> Problem to work on: Please retype, unchanged, each line from the top of the material below through the line where "Cisco vEdge 2000" appears.

> Data to process:
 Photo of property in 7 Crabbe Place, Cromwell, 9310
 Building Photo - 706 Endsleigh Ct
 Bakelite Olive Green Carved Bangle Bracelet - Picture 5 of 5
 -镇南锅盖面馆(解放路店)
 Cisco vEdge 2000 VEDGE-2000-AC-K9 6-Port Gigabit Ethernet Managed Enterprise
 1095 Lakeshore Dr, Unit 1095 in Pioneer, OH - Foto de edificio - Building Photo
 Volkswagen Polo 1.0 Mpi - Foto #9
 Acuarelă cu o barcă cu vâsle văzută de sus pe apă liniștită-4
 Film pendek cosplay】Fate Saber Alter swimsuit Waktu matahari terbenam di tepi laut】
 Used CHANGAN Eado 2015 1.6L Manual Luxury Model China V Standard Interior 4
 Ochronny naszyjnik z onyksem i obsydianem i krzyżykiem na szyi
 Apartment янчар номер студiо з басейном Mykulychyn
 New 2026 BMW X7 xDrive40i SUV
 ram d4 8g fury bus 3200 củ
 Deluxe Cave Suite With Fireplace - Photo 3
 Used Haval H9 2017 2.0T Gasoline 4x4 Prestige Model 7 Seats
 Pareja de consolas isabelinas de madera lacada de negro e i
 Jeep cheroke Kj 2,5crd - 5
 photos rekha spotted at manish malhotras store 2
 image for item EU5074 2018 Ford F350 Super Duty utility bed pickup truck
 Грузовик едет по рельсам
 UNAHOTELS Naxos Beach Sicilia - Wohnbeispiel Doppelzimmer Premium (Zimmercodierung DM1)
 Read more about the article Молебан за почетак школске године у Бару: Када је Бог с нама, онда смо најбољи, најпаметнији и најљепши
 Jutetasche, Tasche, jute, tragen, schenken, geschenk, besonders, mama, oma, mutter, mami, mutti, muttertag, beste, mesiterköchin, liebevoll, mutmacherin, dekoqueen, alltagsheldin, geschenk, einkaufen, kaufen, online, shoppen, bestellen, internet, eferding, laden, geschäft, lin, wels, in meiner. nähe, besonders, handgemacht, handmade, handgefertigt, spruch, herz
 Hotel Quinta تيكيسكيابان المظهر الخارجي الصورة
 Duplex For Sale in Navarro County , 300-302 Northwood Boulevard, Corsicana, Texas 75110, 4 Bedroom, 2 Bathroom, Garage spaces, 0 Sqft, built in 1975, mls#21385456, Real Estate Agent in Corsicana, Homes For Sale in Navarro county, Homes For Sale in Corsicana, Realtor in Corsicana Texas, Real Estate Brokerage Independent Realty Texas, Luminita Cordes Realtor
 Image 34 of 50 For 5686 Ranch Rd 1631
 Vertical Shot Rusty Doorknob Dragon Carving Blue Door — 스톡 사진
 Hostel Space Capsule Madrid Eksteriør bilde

> Exercise response:
 Photo of property in 7 Crabbe Place, Cromwell, 9310
 Building Photo - 706 Endsleigh Ct
 Bakelite Olive Green Carved Bangle Bracelet - Picture 5 of 5
 -镇南锅盖面馆(解放路店)
 Cisco vEdge 2000 VEDGE-2000-AC-K9 6-Port Gigabit Ethernet Managed Enterprise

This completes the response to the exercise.